I’ve been “tagged” to take part in this game, but I think I might revisit it a few times. Here’s my first attempt:
1. One book that changed your life:
Fr Fenton nominated Ceremony and Celebration by Paul H D Lange, and yes, I guess that did have a bit of an impact. But so did Eugene Peterson’s “Working the Angles” (I remember being on vicarage reading a passage which said that the pastor’s role is not simply a series of jobs to do, when the door of the other office slammed open and my vicar-father emerged saying “Well, that’s that job done, now for a cup of coffee!”). Perhaps Herman Sasses’ Here we stand could be in for a running… But in the end, I would have to say that two books combined to finally change my life all together: Joyce Little’s “The Church and the Culture Wars” and Cardinal Ratzinger’s “Called to Communion”. After reading those two books I became a Catholic.
[Reader: They said one book, not five.
Schütz: As Michelangelo said to the Pope in the Monty Python skit: “One?”]
2. One book that you’ve read more than once:
Well, along with many others, I would have to nominate “Lord of the Rings” here.
3. One book you’d want on a desert island:
I should say the Bible, but I will show how far down the slippery slope of Catholicism I have fallen by nominating Joseph Ratzinger’s “Introduction to Christianity”. I might finally get the time to give every sentence the attention it deserves. I generally advise people to take it in bite-sized chunks and to chew slowly.
4. One book that made you laugh:
Douglas Adams “Hitchhikers Guide to the Galaxy”. Actually, all five books in the trilogy (sic). I love the line that goes “The huge yellow spaceships hung in the air in exactly the same way that bricks don’t.” Masterpiece.
5. One book that made you cry:
Actually, this is an odd one, but I’m going to nominate Stephen Lawhead’s “Byzantium”. I don’t normally get teary about books, but I can remember being terribly moved by the ending to this one.
6. One book that you wish had been written:
“Interfaith Dialogue for Dummies” (the sequel to “Ecumenism for Dummies”).

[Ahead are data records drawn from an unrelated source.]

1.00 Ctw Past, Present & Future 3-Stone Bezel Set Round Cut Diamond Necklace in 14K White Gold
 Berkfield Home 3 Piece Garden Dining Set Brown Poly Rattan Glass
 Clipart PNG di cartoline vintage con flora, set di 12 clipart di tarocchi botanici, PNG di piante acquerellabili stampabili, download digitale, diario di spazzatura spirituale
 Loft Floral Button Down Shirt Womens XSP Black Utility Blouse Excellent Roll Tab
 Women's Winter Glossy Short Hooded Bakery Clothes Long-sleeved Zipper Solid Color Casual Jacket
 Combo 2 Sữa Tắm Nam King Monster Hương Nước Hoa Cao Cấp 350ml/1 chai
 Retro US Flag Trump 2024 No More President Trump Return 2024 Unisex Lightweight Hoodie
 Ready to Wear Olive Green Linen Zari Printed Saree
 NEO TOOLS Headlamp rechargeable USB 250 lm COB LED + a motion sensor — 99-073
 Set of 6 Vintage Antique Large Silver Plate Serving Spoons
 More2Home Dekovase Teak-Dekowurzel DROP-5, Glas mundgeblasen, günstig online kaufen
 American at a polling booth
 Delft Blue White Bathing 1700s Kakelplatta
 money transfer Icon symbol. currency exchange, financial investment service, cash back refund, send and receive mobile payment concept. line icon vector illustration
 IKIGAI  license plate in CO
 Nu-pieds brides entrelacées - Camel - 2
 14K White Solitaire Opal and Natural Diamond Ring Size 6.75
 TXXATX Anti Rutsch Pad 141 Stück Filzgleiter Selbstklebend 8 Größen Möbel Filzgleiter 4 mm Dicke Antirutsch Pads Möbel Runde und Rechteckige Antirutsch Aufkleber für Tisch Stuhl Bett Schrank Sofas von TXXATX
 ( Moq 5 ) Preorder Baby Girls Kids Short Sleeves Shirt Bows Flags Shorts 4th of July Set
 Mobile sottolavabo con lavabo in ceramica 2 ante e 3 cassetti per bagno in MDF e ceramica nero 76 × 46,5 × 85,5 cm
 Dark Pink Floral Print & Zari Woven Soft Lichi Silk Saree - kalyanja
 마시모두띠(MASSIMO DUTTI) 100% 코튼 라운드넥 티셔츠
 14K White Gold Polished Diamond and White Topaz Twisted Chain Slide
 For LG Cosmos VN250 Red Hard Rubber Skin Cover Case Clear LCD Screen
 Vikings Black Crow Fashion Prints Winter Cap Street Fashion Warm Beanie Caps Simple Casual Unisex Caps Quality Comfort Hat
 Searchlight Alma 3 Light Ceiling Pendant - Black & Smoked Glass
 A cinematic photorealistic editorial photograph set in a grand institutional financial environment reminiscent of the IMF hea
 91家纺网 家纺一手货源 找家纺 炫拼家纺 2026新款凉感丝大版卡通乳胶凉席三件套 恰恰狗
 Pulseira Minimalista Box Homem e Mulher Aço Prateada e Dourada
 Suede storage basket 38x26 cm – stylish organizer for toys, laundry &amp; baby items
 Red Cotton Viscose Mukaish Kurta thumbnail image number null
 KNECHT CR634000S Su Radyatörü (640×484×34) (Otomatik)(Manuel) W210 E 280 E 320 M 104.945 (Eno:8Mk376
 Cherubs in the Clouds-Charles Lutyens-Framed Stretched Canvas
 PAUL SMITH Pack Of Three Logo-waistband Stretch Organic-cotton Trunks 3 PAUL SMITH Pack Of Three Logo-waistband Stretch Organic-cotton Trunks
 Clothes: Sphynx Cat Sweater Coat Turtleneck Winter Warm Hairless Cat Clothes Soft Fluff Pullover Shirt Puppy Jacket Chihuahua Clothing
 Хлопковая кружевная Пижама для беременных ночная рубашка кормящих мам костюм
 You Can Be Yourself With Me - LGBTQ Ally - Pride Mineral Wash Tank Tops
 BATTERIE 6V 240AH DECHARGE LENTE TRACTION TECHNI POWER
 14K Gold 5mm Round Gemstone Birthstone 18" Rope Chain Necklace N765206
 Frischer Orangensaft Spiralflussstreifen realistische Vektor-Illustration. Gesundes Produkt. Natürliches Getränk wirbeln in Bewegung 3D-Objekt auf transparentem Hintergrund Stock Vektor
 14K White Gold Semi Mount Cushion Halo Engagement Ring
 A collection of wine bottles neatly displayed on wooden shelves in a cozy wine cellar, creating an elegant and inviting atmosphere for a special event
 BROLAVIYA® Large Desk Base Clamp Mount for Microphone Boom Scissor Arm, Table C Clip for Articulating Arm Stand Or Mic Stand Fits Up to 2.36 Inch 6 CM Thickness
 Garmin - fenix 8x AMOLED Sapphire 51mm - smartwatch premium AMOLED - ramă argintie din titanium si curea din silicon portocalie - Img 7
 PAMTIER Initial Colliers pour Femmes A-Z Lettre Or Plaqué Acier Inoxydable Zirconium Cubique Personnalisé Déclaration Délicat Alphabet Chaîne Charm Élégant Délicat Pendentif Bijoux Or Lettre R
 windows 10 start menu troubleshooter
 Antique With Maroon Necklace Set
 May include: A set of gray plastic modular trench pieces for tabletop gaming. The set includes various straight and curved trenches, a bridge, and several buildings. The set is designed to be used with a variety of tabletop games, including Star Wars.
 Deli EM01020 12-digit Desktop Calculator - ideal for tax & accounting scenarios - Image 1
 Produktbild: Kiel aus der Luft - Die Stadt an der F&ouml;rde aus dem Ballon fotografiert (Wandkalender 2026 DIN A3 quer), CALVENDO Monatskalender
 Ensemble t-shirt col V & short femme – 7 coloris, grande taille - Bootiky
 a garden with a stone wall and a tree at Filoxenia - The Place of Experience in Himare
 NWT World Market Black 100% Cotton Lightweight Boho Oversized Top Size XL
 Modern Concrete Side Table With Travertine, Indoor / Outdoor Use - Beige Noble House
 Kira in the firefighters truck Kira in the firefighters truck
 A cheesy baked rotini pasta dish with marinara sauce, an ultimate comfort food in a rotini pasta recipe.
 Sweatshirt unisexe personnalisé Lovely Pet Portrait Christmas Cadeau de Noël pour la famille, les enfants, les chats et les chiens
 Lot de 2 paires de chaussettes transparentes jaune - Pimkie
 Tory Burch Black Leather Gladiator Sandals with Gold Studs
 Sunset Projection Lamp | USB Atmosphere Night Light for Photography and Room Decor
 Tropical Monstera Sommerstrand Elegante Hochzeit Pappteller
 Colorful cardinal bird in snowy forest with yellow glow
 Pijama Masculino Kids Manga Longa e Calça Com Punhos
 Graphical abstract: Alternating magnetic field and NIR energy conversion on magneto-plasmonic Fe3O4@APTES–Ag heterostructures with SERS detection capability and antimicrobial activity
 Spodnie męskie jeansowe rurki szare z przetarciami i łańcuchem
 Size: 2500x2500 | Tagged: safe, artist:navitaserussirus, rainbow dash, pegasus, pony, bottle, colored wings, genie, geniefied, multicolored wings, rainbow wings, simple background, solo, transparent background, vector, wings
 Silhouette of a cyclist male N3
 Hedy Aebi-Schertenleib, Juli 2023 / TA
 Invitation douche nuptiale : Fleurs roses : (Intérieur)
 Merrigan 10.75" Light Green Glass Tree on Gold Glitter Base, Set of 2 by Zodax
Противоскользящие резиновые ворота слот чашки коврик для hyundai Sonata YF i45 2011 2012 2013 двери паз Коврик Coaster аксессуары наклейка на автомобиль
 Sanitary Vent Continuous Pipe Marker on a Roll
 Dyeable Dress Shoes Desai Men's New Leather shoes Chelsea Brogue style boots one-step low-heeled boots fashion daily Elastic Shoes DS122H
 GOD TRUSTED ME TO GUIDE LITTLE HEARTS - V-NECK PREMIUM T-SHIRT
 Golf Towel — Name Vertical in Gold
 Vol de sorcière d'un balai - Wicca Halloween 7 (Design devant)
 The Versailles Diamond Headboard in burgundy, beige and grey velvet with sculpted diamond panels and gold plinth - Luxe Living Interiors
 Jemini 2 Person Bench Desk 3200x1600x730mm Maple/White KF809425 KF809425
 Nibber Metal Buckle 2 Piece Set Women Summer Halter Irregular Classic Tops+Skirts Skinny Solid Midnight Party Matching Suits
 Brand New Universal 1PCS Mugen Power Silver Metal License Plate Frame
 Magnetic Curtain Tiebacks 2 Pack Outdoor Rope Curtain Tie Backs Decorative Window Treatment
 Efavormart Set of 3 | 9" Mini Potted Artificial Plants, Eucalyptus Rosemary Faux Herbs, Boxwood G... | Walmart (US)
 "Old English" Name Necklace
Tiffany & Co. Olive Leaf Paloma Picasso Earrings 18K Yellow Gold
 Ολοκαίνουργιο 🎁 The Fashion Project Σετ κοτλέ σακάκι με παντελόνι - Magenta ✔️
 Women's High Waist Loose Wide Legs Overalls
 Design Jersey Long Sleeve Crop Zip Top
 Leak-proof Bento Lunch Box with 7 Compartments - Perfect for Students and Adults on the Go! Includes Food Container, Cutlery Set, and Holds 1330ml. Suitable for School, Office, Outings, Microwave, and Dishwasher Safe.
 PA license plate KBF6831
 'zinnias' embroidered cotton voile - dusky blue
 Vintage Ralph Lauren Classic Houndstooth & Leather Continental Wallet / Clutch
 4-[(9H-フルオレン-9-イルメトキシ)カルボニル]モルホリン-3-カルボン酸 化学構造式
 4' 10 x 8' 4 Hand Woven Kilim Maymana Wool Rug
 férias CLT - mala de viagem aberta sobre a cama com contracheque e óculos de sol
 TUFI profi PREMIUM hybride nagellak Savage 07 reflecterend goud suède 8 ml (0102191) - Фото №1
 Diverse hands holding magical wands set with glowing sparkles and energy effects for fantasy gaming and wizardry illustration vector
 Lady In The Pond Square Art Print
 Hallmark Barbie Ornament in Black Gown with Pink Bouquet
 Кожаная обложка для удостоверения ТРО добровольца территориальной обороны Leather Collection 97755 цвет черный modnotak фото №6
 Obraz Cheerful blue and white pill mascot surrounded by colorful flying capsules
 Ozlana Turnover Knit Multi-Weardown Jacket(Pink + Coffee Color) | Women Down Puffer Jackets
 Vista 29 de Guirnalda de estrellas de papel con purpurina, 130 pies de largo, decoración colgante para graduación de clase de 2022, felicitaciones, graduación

7. One book that you wish had never been written:
I’m sorry, but this is a bit obvious: Dan Brown’s “Da Vinci Code”. There are probably others, like “Mein Kampf” that would be in for the running, but it would be a close fought race.
8. One book you’re currently reading:
Like Fr Marco, I also have books all over the place. The Petrine Ministry: Catholics and Orthodox in Dialogue edited by Walter Kasper is in my office at work. Next to my bed is N.T. Wright’s The New Testament and the People of God, the first volume in his multi-volume work on New Testament history. And in the car, the audio-book of Rumpole’s Last Case (I’m taking a break from attempting to listen to all 25 of Alexander Kent’s Richard Bolitho series).
9. One book you’ve been meaning to read:
The Koran. (I’m waiting for either a decent translation or for when I have finally learnt Arabic…)
10. Tag others.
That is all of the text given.